Judges can’t make good decisions on behalf of children without information and CASA grew, at a grassroots level, straight from that desire and need for effective decision-making.
In 1976, Superior Court Judge David Soukup of Seattle, WA, saw a recurring problem in his courtroom:
"In criminal and civil cases, even though there were always many different points of view, you walked out of the courthouse at the end of the day and you said, 'I've done my best; I can live with this decision,' he explains.
"But when you're involved with a child and you're trying to decide what to do to facilitate that child's growth into a mature and happy adult, you don't feel like you have sufficient information to allow you to make the right decision. You can't walk away and leave them at the courthouse at 4 o'clock. You wonder, 'Do I really know everything I should? Have I really been told all of the different things? Is this really right?'"

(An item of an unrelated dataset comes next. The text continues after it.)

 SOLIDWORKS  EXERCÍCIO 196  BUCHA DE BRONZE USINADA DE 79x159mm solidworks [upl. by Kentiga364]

To ensure he was getting all the facts and the long-term welfare of each child was being represented, the Seattle judge came up with an idea that would change America's judicial procedure and the lives of over a million children. He obtained funding to recruit and train community volunteers to step into courtrooms on behalf of the children: Court Appointed Special Advocate (CASA) volunteers.
This unique concept was implemented in Seattle as a pilot program in January 1977. During that first year, the program provided 110 trained CASA volunteers for 498 children in 376 dependency cases. Since that initial idea CASA has grown into a national organization with 955 local and state programs. In 2010 CASA programs across the country served over 240,000 children.